Paper 2 provides fundamental theoretical insights into score-based diffusion models, addressing a critical gap in understanding how architectures and data distributions interact. This analytical framework has the potential for broad, long-lasting impact across the rapidly growing field of generative AI. In contrast, Paper 1 offers a practical engineering solution for LLM tool use, which, while useful, is likely to have a narrower and more short-lived scientific impact as underlying models evolve.
Paper 1 provides fundamental theoretical insight into why different score network architectures produce distinct generative behaviors in diffusion models—a central open question. Its analytically solvable wavelet-based parameterization offers interpretable, architecture-agnostic understanding connecting data distribution moments to denoising behavior. This theoretical contribution has broad implications for the rapidly growing diffusion model field. Paper 2 offers a solid engineering contribution (efficiency and generality improvements for neural field tokenization) but is more incremental, combining known priors (locality, hierarchy) into a practical framework without comparable theoretical depth or breadth of impact.

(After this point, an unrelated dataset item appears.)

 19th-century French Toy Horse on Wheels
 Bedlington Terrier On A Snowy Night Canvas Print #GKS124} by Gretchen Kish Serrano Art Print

Paper 1 provides fundamental theoretical insight into score-based diffusion models—one of the most active areas in generative AI—by deriving analytically solvable score functions via wavelet expansions. This architecture-agnostic analysis of how data distribution moments interact with score networks addresses a deep open question with broad implications across machine learning. Paper 2, while practically useful, addresses a narrower engineering problem (benchmark generation for Text-to-Cypher systems) with limited cross-field impact and less conceptual novelty.